L’attenzione dei media internazionali è posta sulle migrazioni che dall’Africa giungono in Europa attraverso l’Italia ola Grecia. Ma c’è anche la Spagna…

 

Il fiume Bidasoa segna la frontiera naturale tra la Francia e la Spagna, in quella curva delle spiagge atlantiche in cui i due Paesi s’incontrano. Dal lato francese c’è la città di Hendaye, sui 16 mila abitanti; dal lato spagnolo ci sono invece due comuni, Hondarribia e Irún, formano un nucleo urbano di oltre 76 mila persone. Quattro ponti collegano Irún e Hendaye, due di loro ferroviari, e servono agli abitanti di ambedue i lati per andar al lavoro, far le spese, o semplicemente cambiare di spiaggia. Il transito di persone da un Paese all’altro è libero, non ci sono punti di controllo doganali. In realtà, si potrebbe parlare di un’unica città cresciuta sui due lati della frontiera, divisa dal fiume e unita dai ponti.

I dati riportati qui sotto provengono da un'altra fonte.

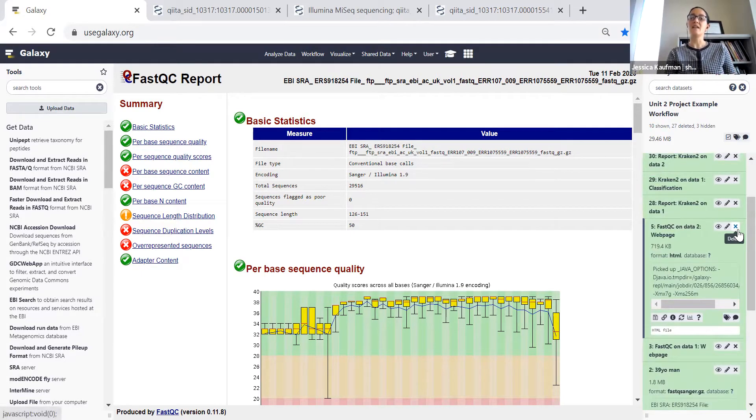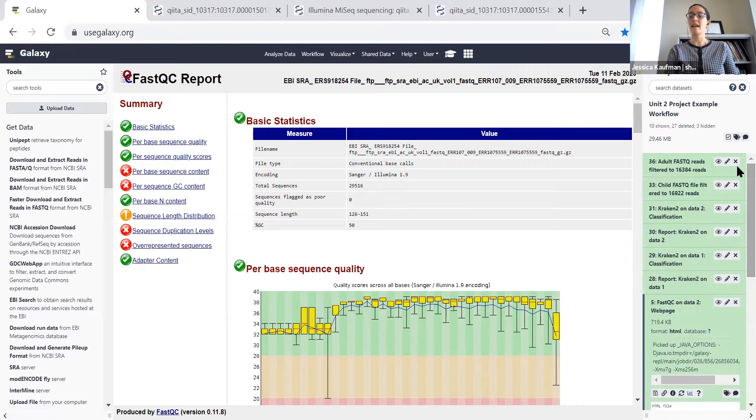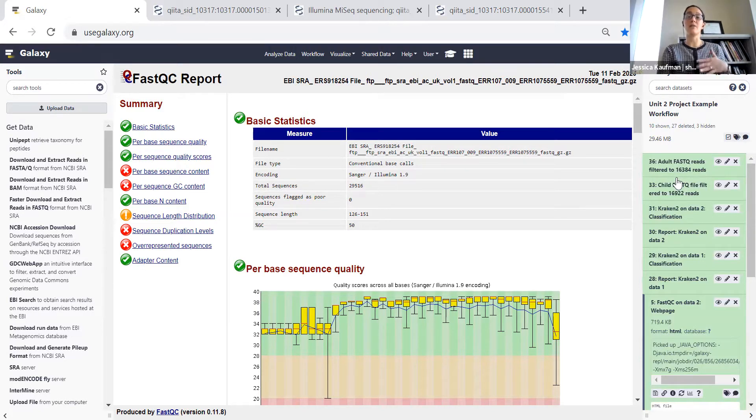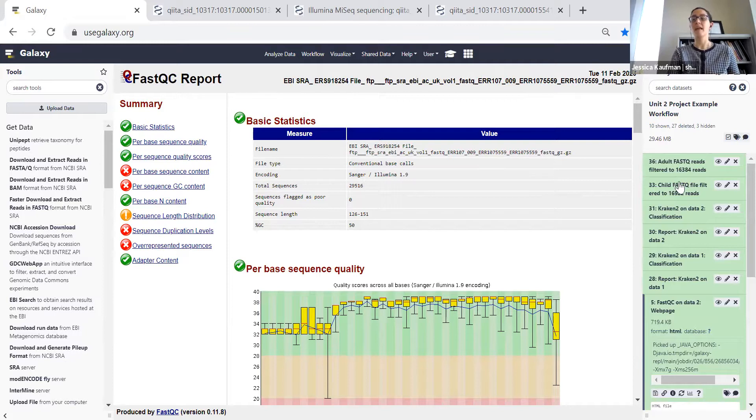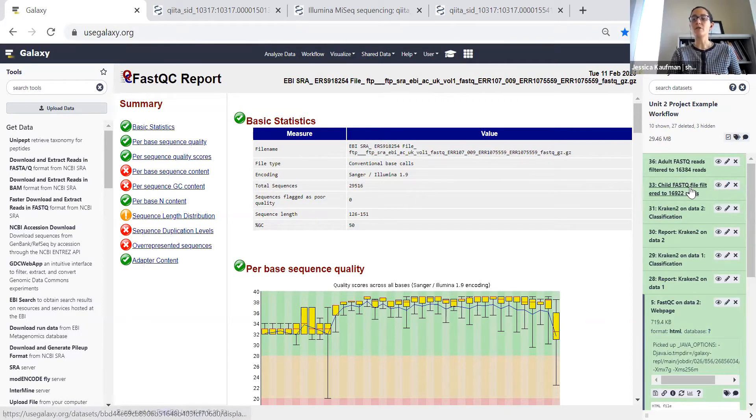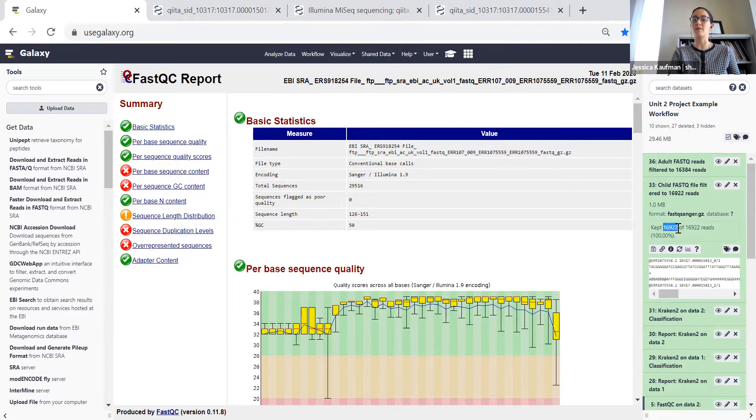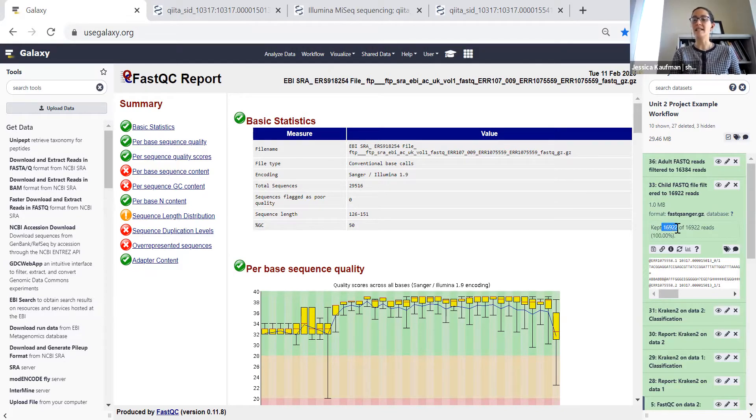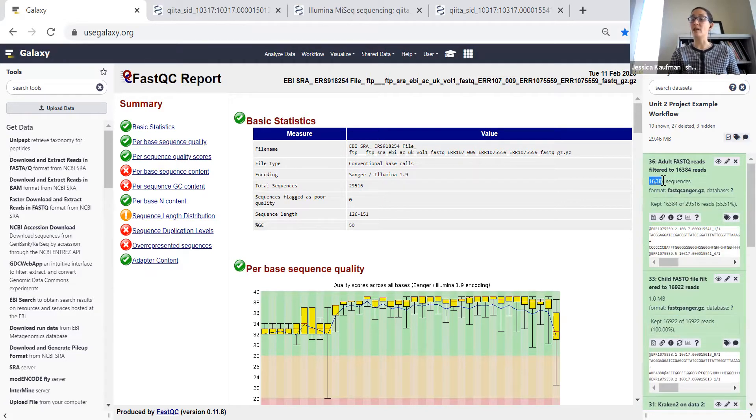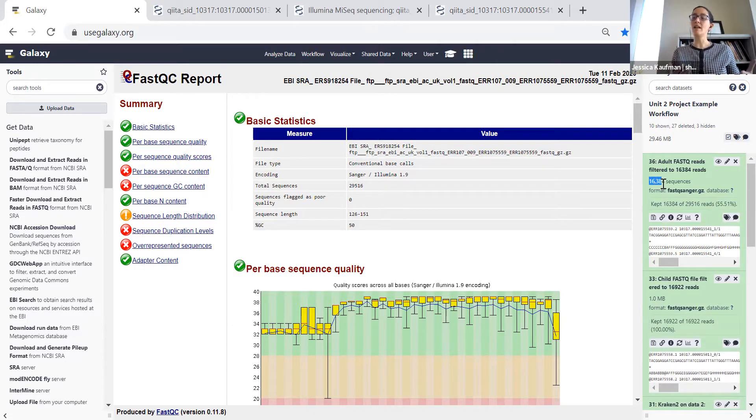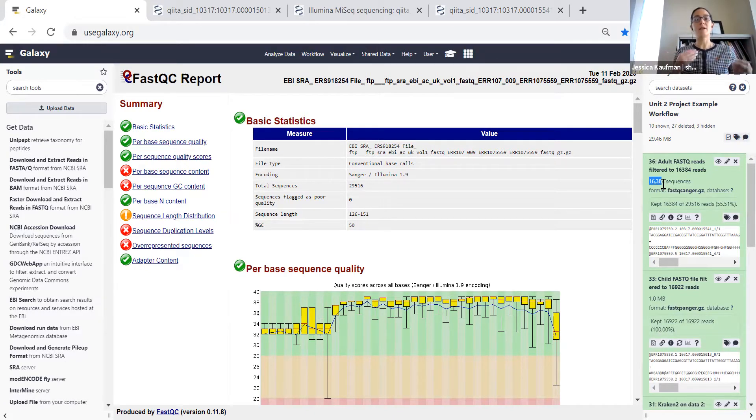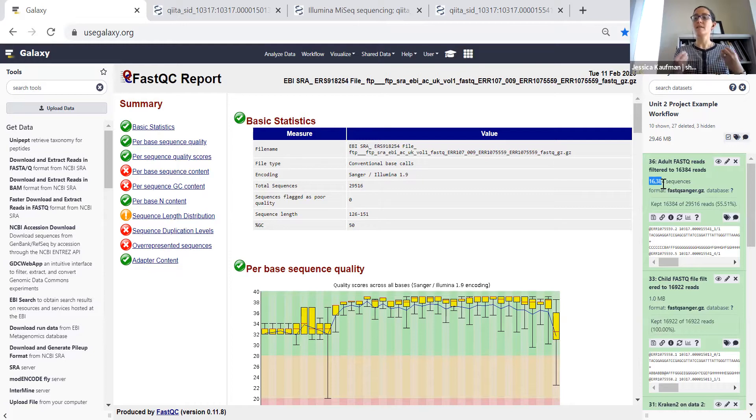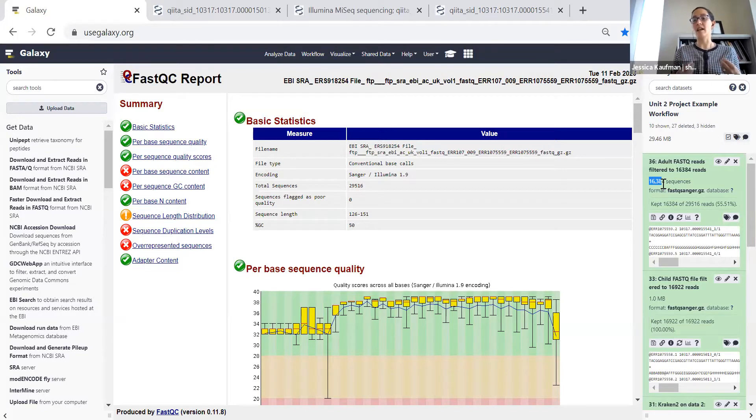Then the last thing you have to do for this week is try to filter the reads so you get them to the same size. Steps 33 and 36 in my history are the result of multiple rounds of filtering. What I was trying to do in these filters is get it to be close to the same number of samples. Now the child file has 16,922 reads, the adult file has 16,384 reads. When I run the analysis next week, I'll be able to compare these more closely. Because if there's a greater number of species in one of the samples, it won't be because it has more reads, it will be because it actually is a more diverse sample.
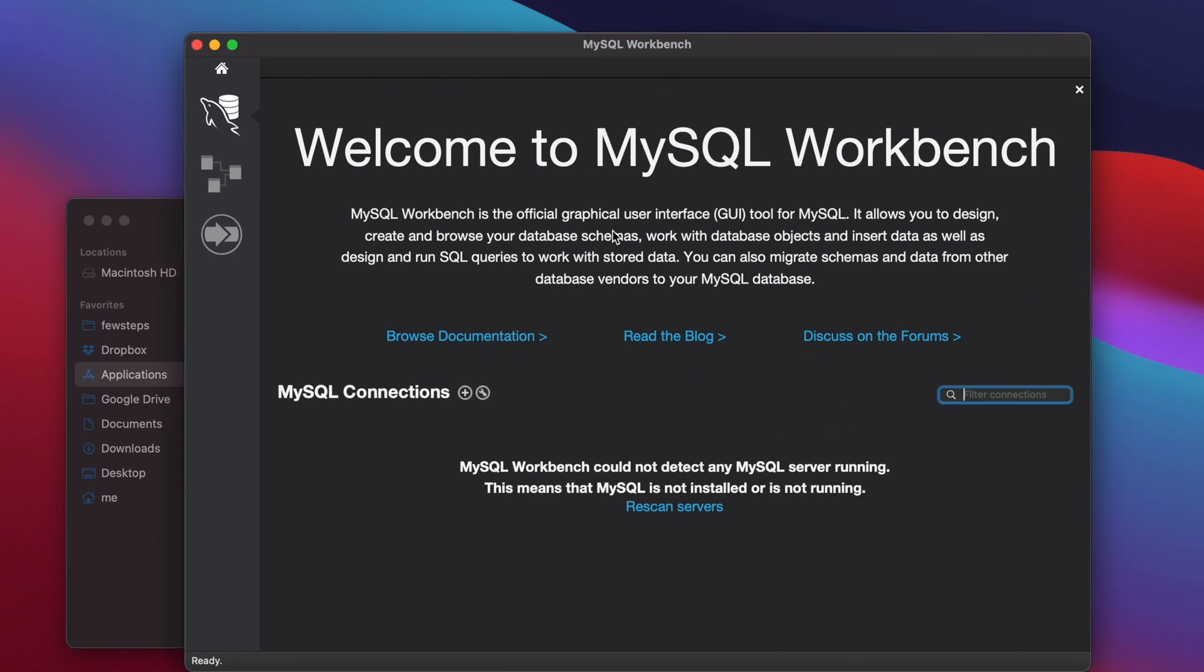That means the software installed successfully and we are able to open the application. That's all guys. Hopefully by watching this video you are able to learn how to install MySQL Workbench on your Mac computer. If you face any issue please put in the comment section. Thank you for watching the video. If this video is helpful, please consider subscribing to our channel and hit the like button of this video.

Fu proprio qui, nella stazione ferroviaria di Hendaye, che nell’ottobre 1940 ebbe luogo quel colloquio tra Franco e Hitler dove i due dittatori cercarono di arrivare ad accordi bellici e politici. Ma l’incontro non ebbe successo e i ponti di allora non dovettero consentire l’avanzamento del nazismo nella penisola iberica. Certo, il Bidasoa, nome di frontiera, è stato testimone di molti eventi storici. Oggi, come in altri tempi di guerra, i protagonisti degli eventi sono i migranti, ma questa volta non sono spagnoli né francesi, sono africani.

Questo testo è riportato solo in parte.